Hace pocos días Antonio Banderas hablaba en un popular programa de televisión sobre la desconfianza que le causa Donald Trump. Banderas, hay que recordarlo, es actor. Había sido invitado para hablar del estreno de su nuevo espectáculo musical pero ya de pasó regaló a la audiencia unas pinceladas del panorama internacional. La charla giró hacia lo político entre otras cosas gracias al presentador, Pablo Motos, que ha incorporado la política a su programa que en sus inicios era de humor, nada de política. Por su parte Donald Trump, especialista en ocurrencias, también le da leña al cine y arremete sin ton ni son contra el malogrado director Rob Reiner. En este mundo al revés el mundo de la cultura hace política y los presidentes de gobierno hablan de cine. Pedro Almodóvar se apunta a cualquier causa donde haya que firmar algo para cambiar el mundo y el presidente Pedro Sánchez gobierna España recomendando novelas y películas en su canal de YouTube.

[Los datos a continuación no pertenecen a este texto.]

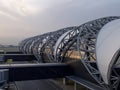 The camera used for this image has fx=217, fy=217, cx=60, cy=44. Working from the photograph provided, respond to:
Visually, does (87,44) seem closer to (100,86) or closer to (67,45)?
(100,86)

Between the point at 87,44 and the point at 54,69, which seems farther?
the point at 54,69

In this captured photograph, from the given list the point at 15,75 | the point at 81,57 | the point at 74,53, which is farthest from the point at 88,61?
the point at 15,75

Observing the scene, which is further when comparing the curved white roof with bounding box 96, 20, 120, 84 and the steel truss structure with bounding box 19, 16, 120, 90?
the steel truss structure with bounding box 19, 16, 120, 90

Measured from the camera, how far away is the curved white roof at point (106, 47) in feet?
89.4

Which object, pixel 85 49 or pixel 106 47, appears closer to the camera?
pixel 106 47

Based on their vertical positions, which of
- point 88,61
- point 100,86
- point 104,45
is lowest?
point 100,86

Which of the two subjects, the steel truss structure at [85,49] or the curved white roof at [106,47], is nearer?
the curved white roof at [106,47]

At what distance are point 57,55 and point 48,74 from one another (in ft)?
43.3

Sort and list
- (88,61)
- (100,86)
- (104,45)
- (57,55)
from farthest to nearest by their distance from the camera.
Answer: (57,55) → (88,61) → (100,86) → (104,45)

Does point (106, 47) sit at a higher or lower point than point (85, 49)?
lower

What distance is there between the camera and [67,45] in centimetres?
5016

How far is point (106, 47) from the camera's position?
29.3 metres

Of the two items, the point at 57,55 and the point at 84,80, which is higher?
the point at 57,55

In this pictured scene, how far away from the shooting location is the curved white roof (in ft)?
89.4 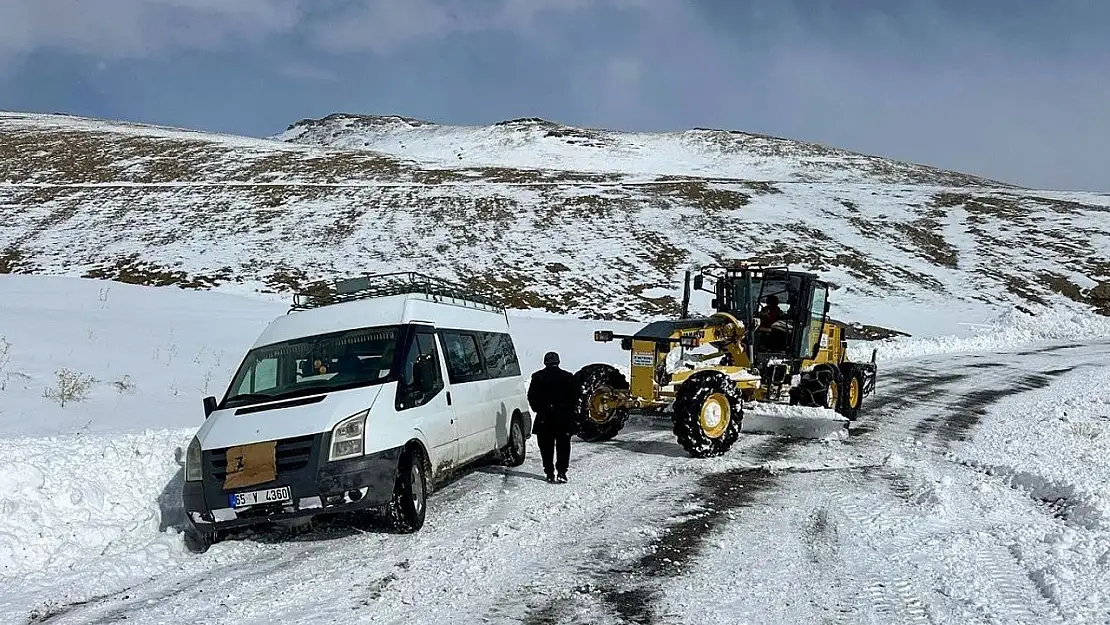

Lo que yo quería decir con todo esto es que hace unos días se celebró la gala de los premios Globos de Oro. Las galas (sean de lo que sean) siempre son un peñazo así que es de agradecer que los invitados nos den motivos para salir del muermo. En este mundo al revés lo más emocionante de la gala no tuvo nada que ver con el cine.  El tema candente fue la polémica del momento: el injusto asesinato de una mujer inocente a manos de la policía de Minnesota. Se llamaba Renee Good y fue tiroteada a bocajarro al volante de su furgoneta. Su gran delito fue intentar saltarse un control policial, con la mala suerte de estar en el sitio equivocado en mitad de una tensa manifestación. Muchos de los asistentes a los Globos de Oro lucían chapas con su nombre y el suceso estuvo muy presente en los discursos de los premiados.

Renee Good se ha convertido en la bandera de la América anti-Trump, aquella que acusa al presidente de ejercer un estado policial contra la inmigración ilegal. Pero también en Renee Good hay algo que está al revés. La América anti-Trump ha elegido como mártir a una mujer blanca y cien por cien yankee para criticar el racismo policial. Un poco raro. A simple vista lo que demuestra el asesinato de Renee Good es que la violencia no entiende de etiquetas. Si me permiten la vulgaridad: cuando la víctima era un negro el concepto quedaba más claro. A pesar de esta lógica se puede alegar que el crimen es racista porque han disparado contra una mujer que defendía los derechos de los inmigrantes. Entonces Renee Good no ha muerto por su raza sino por sus ideas. Una conclusión que nos lleva de nuevo a la casilla de salida. Es decir: al violento le basta poco. Cualquier motivo sirve para desatar el caos: una opinión, una mirada, incluso una discusión sobre la tortilla de patatas con o sin cebolla.

Renee Good es una mártir multiusos, que tanto demuestra el carácter universal de la violencia como lo contrario. La cuestión es que Renee Good está muerta y no debería ser así. Y su ejecutor está libre y tampoco debería ser así. La muerte de Good ha sido consagrada en el altar de la nueva política, allí donde se deciden las cosas importantes: la gala de los Globos de Oro. Un lugar que pone a disposición de los invitados un micrófono para decir lo que les venga en gana. Eso me recuerda a esa situación embarazosa tan temida por los medios de comunicación: cuando el invitado aprovechaba su momento de gloria para saludar a la familia.